"Drove you out of there?"
"Make yer fortune?" cried his two puzzled listeners.
"Yep; listen," and Jim Hicks told them substantially the story, which we have already perused in his notebook, so providentially delivered into the hands of the prisoners of the old church. The man who willed it to him was a dying recluse he had aided.
"And there the book is, written in with onion juice stuffed in a cranny of the wall for any one's finding and nobody's reading," chuckled the prospector in conclusion. "It was the only thing I could do. You see, I didn't know whether those greasers would catch me or not, so I concluded the best thing to do would be to take no chances, and hide it."
"You think you can find it again?" asked Jack, fascinated by the old prospector's strange story.

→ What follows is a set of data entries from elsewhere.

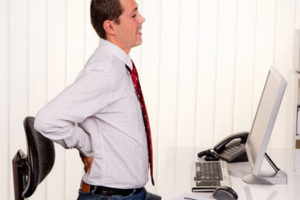 https://premierhealthmn.com/staging/wp-content/uploads/2014/12/causes-of-back-pain-300x200.jpg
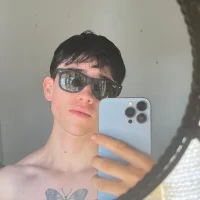 Logan_sixxer Adlı Modelin Avatarı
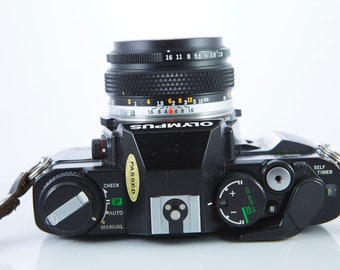 Appareil Photo Vintage Olympus OM40 Program + Zoom 35-75mm - Japon 1985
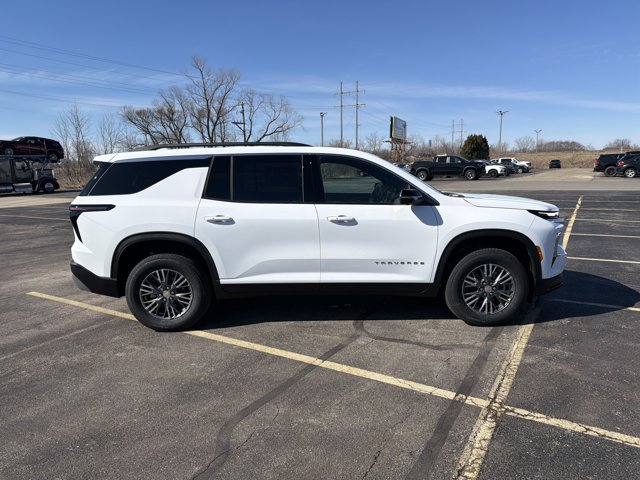 New 2026 Chevrolet Traverse LT image 4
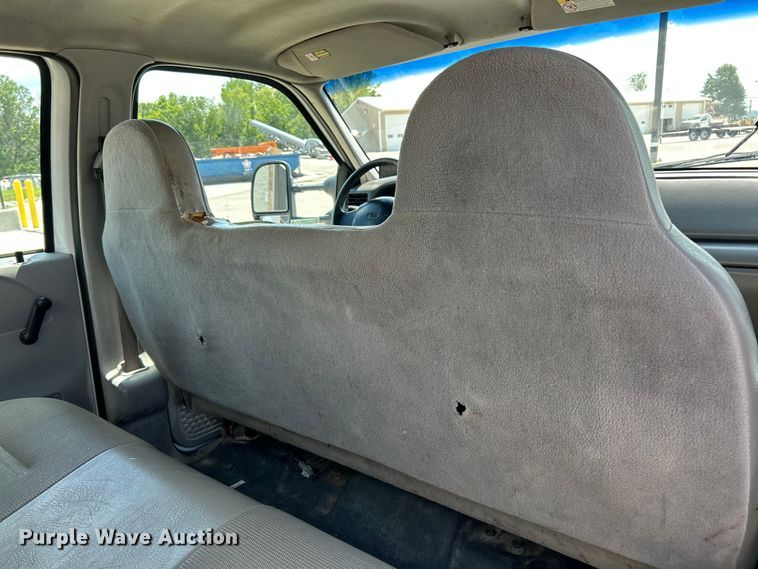 image for item NL9463 2000 Ford F350 Super Duty XL  Crew Cab pickup truck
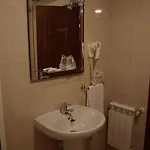 Pensión Teyma 3*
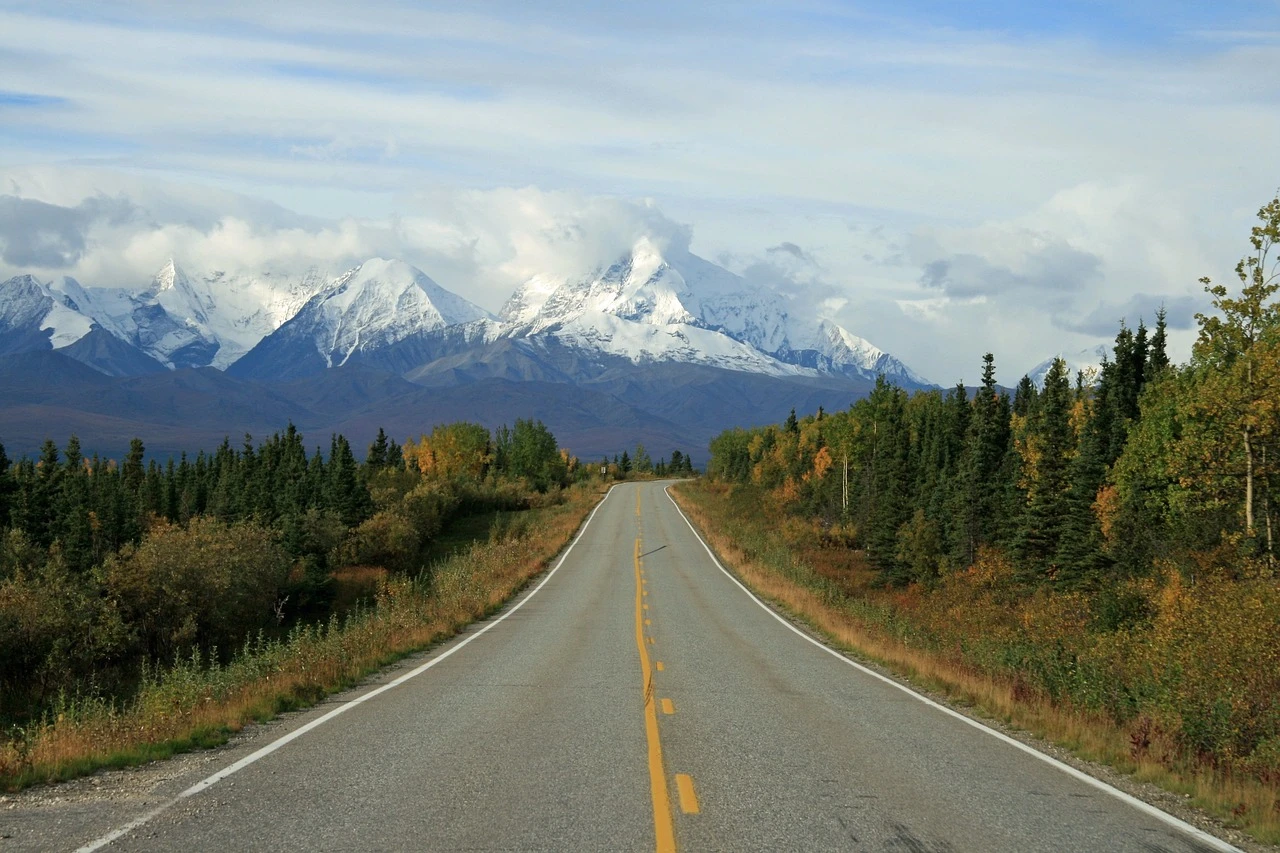 Канада выделяет 3,9 миллиона на Alaska Highway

"Why, I dunno, son. You see, I was in such a hurry to get away when I heard them fellers coming, that I just stuffed it in a crack in the wall. If they got inquisitive they could easy get it out, but they wouldn't suspect nothing, for the book looked blank."
"But how did you escape without their seeing you?"
"Ah, you've got to trust an old borderer for that," grinned Jim Hicks. "You see, when I got near the church, thinks I to myself, 'now, Jim Hicks, you don't want to burn your bridges behind you' so I just left my pony hidden in a little arroyo about half a mile away. When I heard them coming by the front of the place, I slipped out the other side and into the brush. After a lot of wrigging about through the scrub, I reached my pony, and rode back up here to where I had my outfit cached."